Nilpotent group with rationally powered abelianization need not be rationally powered

This article gives the statement, and possibly proof, of the fact that for a group, the subgroup obtained by applying a given subgroup-defining function (i.e., derived subgroup) does not always satisfy a particular subgroup property (i.e., quotient-powering-faithful subgroup)
View subgroup property satisfactions for subgroup-defining functions ${\displaystyle |}$ View subgroup property dissatisfactions for subgroup-defining functions

Statement

It is possible to have a nilpotent group ${\displaystyle G}$ such that the abelianization of ${\displaystyle G}$ is a rationally powered group (which in this case means it is a vector space over ${\displaystyle \mathbb {Q} }$) but such that ${\displaystyle G}$ is not rationally powered over any prime. In fact, we can select ${\displaystyle G}$ to be such that it has ${\displaystyle p}$-torsion for every prime ${\displaystyle p}$.

This also shows that the derived subgroup of a nilpotent group need not be a quotient-powering-faithful subgroup.

Related facts

Opposite facts

• The group is forced to be divisible for all primes that the abelianization is divisible by. See Nilpotent group is divisible by a prime iff its abelianization is and iff all lower central series quotients are.

Proof

Further information: quotient of UT(3,Q) by a central Z

Let ${\displaystyle G}$ be the quotient group of ${\displaystyle UT(3,\mathbb {Q} )}$ (the unitriangular matrix group of degree three over the field of rational numbers) by a subgroup ${\displaystyle \mathbb {Z} }$ inside its center (which is a copy of ${\displaystyle \mathbb {Q} }$).

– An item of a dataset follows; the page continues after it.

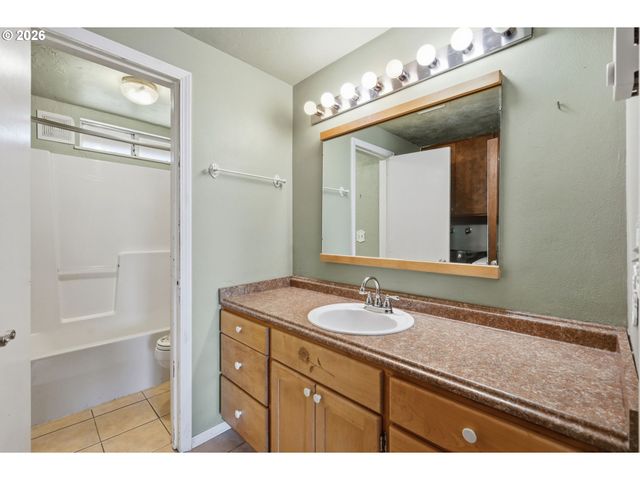 1033 S 34TH Pl, Springfield, OR 97478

Explicitly, we can think of ${\displaystyle G}$ as matrices of the form:

${\displaystyle \{{\begin{pmatrix}1&a_{12}&{\overline {a_{13}}}\\0&1&a_{23}\\0&0&1\\\end{pmatrix}}\mid a_{12},a_{23}\in \mathbb {Q} ,{\overline {a_{13}}}\in \mathbb {Q} /\mathbb {Z} \}}$

with the matrix multiplication defined as:

${\displaystyle {\begin{pmatrix}1&a_{12}&{\overline {a_{13}}}\\0&1&a_{23}\\0&0&1\\\end{pmatrix}}{\begin{pmatrix}1&b_{12}&{\overline {b_{13}}}\\0&1&b_{23}\\0&0&1\\\end{pmatrix}}={\begin{pmatrix}1&a_{12}+b_{12}&{\overline {a_{12}b_{23}}}+{\overline {a_{13}}}+{\overline {b_{13}}}\\0&1&a_{23}+b_{23}\\0&0&1\\\end{pmatrix}}}$

where ${\displaystyle {\overline {a_{12}b_{23}}}}$ is understood to be the image of ${\displaystyle a_{12}b_{23}}$ under the quotient map ${\displaystyle \mathbb {Q} \to \mathbb {Q} /\mathbb {Z} }$.

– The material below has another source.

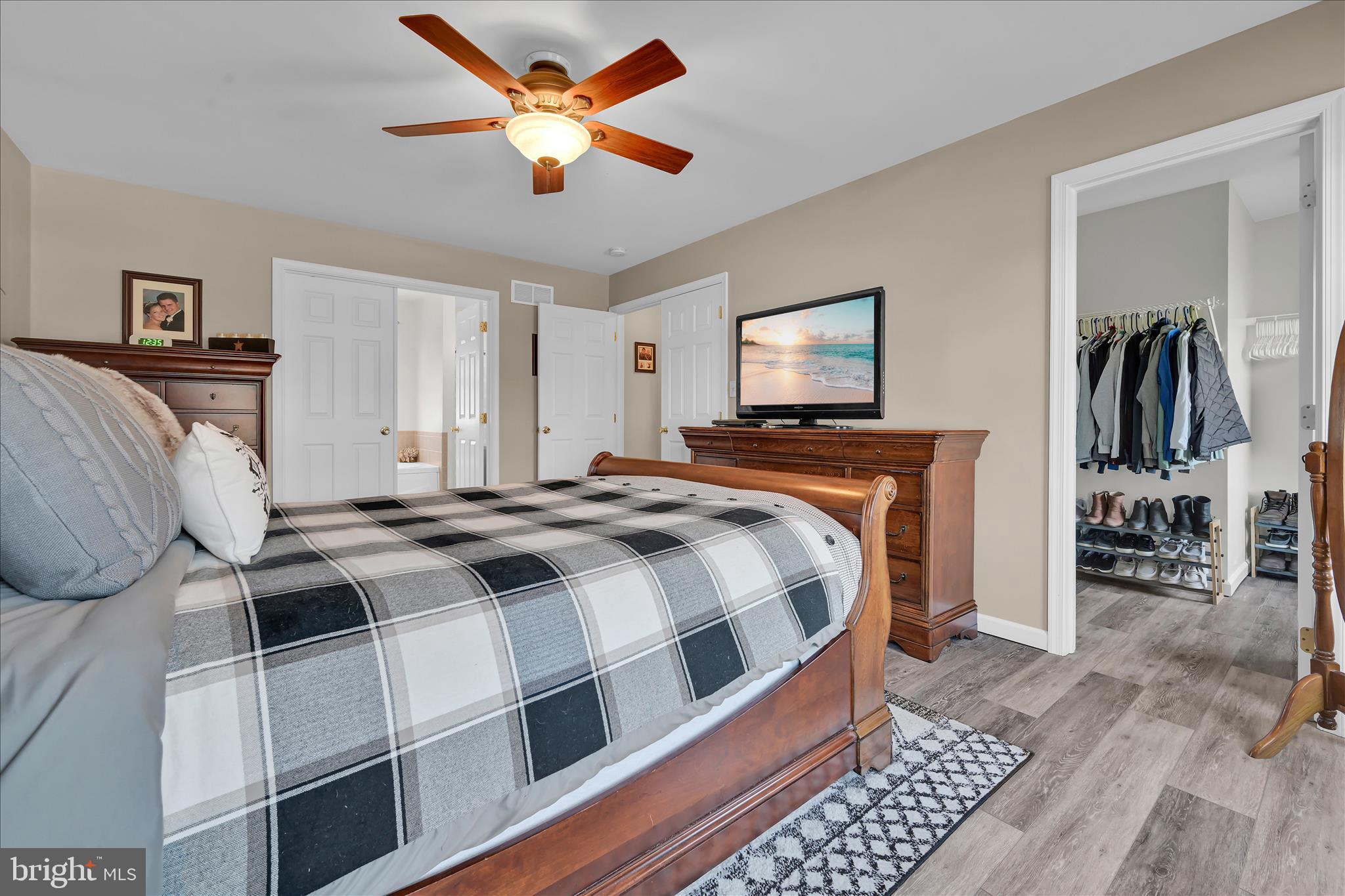 THE PINES - Residential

The center of ${\displaystyle G}$ coincides with its derived subgroup, and is:

${\displaystyle \left\{{\begin{pmatrix}1&0&{\overline {a_{13}}}\\0&1&0\\0&0&1\\\end{pmatrix}}\mid {\overline {a_{13}}}\in \mathbb {Q} /\mathbb {Z} \right\}}$

The inner automorphism group and the abelianization are therefore both isomorphic to ${\displaystyle \mathbb {Q} \times \mathbb {Q} }$, which is rationally powered. However, the group as a whole has ${\displaystyle p}$-torsion for all primes ${\displaystyle p}$.